Apontou corretamente o esperado: “mesmo os aspectos mais admiráveis do amor ao dinheiro na nossa sociedade atual, como a parcimônia e a poupança, e a obtenção de segurança financeira e independência para si e para a sua família, embora não sejam considerados moralmente errados, tornar-se-ão tão difíceis e impraticáveis a ponto de não valer a pena. Todos devem trabalhar para a comunidade – reza o novo credo – e, se cumprirem o seu dever, a comunidade irá apoiá-los”.

Na realidade, salientou, este sistema não levou um nivelamento total dos rendimentos. Uma pessoa inteligente e bem-sucedida na Rússia Soviética tem uma renda maior e uma vida melhor em comparação a outras pessoas.

Antecipou o surgimento da Nomenklatura (palavra russa derivada do latim) como se designava a burocracia ou casta dirigente da União Soviética. Ela incluía altos funcionários do Partido Comunista da URSS e trabalhadores com cargos técnicos, artistas e outras pessoas capazes de gozar da simpatia de seus dirigentes.

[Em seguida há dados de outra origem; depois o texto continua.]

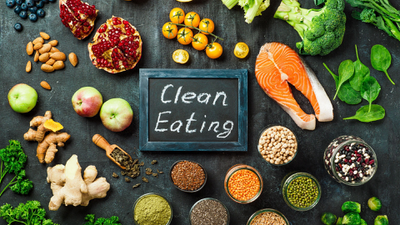 Gợi ý thực đơn Eat Clean 1400kcal cho 7 ngày giảm cân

Para os demais habitantes, ninguém podia permitir-se, com baixos rendimentos e com os elevados preços russos, além dos rígidos impostos progressivos, poupar algo de modo a valer a pena poupar. Já era difícil viver dia após dia…

Pior, não havia qualquer possibilidade de grandes ganhos pessoais, exceto assumindo o mesmo tipo de riscos associados ao suborno e ao peculato em outros lugares. Infelizmente, o suborno e o peculato não desapareceram na Rússia soviética.

A política soviética não consistia em proibir as profissões de comprar e vender com lucro, mas sim em torná-las precárias e vergonhosas. “O comerciante privado era uma espécie de fora-da-lei permitido, sem privilégios ou proteção, como o judeu na Idade Média – uma saída para aqueles com instintos avassaladores nesta direção, mas não um trabalho natural ou agradável para o homem normal”.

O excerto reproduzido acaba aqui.